This post will probably be helpful:
From the image documentation I didn’t see any mention of importing images from the web, so I just want clarification on whether or not this is possible in Typst. Thanks.
If you want to know more about why this is not one of Typst’s features, I find this comment on a proposed feature illuminating:
typst:main
← tetofonta:main
This is unfortunately quite problematic for security reasons. Typst puts a stron… g focus on being safe to run on untrusted input. There are two sides to this:
- **Input:** We try to make sure that Typst code has as little access to files on your computer as possible. For this reason, you can only read files within the root directory of your project.
- **Output:** Even if your Typst code managed to read secret information, we aim to make it as hard as possible to exfiltrate that information.
Both sides are important because both have some inherent weaknesses:
- On the input side, it's sometimes hard to define what the sandbox should even be! If the users compiles in their home directory, the project sandbox is all of their home directory (which is a lot). If the project contains a symlink pointing out of it, that might have been intentional, or it could be part of an attack (though transferring a symlink to a person is already more complicated than a plain file).
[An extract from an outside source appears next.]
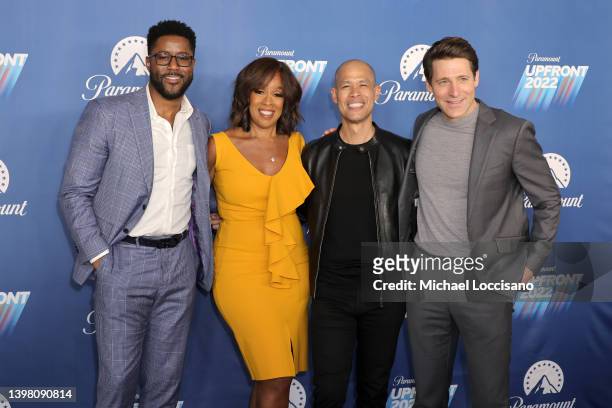 Nate Burleson, Gayle King, Vladimir Duthiers and Tony Dokoupil attend the 2022 Paramount Upfront at 666 Madison Avenue on May 18, 2022 in New York...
- On the output side, we are in a pretty good position because Typst forbids any kind environment interaction. The only exfiltration route I'm currently aware of is by embedding the information directly in the PDF and getting the user to send it to you. That requires some social engineering, but it's not impossible. It's something we can't really prevent, underlining the importance of sandboxing on the input side.
So with these things in mind, it may become clear why this PR is problematic: It opens up an exfiltration route on the output side. Concretely, in this implementation, if a script gets ahold of valuable information, it could encode that information as a base64 package name and then try to import that from a custom server that processes that information. This means effectively a total breakdown of our security promises.
Now, upon thinking further, one might come up with the idea of only allowing static string literals in import statements: Then, the string can't be data dependant and we're good, right?
Unfortunately we aren't. Let me give one example of a possible attack: You prepare an array with 400 functions containing import statements á la `@git:git@myserver.com/myuser/package:0.0.1` .. `@git:git@myserver.com/myuser/package:0.0.400`. Then, you transmit a byte sequence by calling the function at the index corresponding to that byte, and then removing that index from the array. That way, you can unambigiously transmit $400-256+1$ bytes. There are probably myriads of further ways that could be used to exfiltrate information (e.g. timings attacks). In short: Any kind of code-triggered remote fetching to an untrusted server is very problematic.
I'm not yet certain of its safety, but there is at least an _idea_ for how to support Git imports without such problems. The idea is to only support Git or other kinds of remote non-Typst-Universe imports in a `typst.toml` manifest. That way, we can fetch all Git dependencies upfront (including, very importantly, transitive ones!) with no data-dependance and then do not allow for any network access during code evaluation. We've [discussed it a bit on Discord](https://discord.com/channels/1054443721975922748/1176122103355953162/1191795494326906880) before, but it's still very much in an early design stage, so more discussion is necessary!
This would probably still be opt-in, since it's still a network access and the remote party would still know _that_ you compiled the document, but I think it would solve the data exfiltration problem.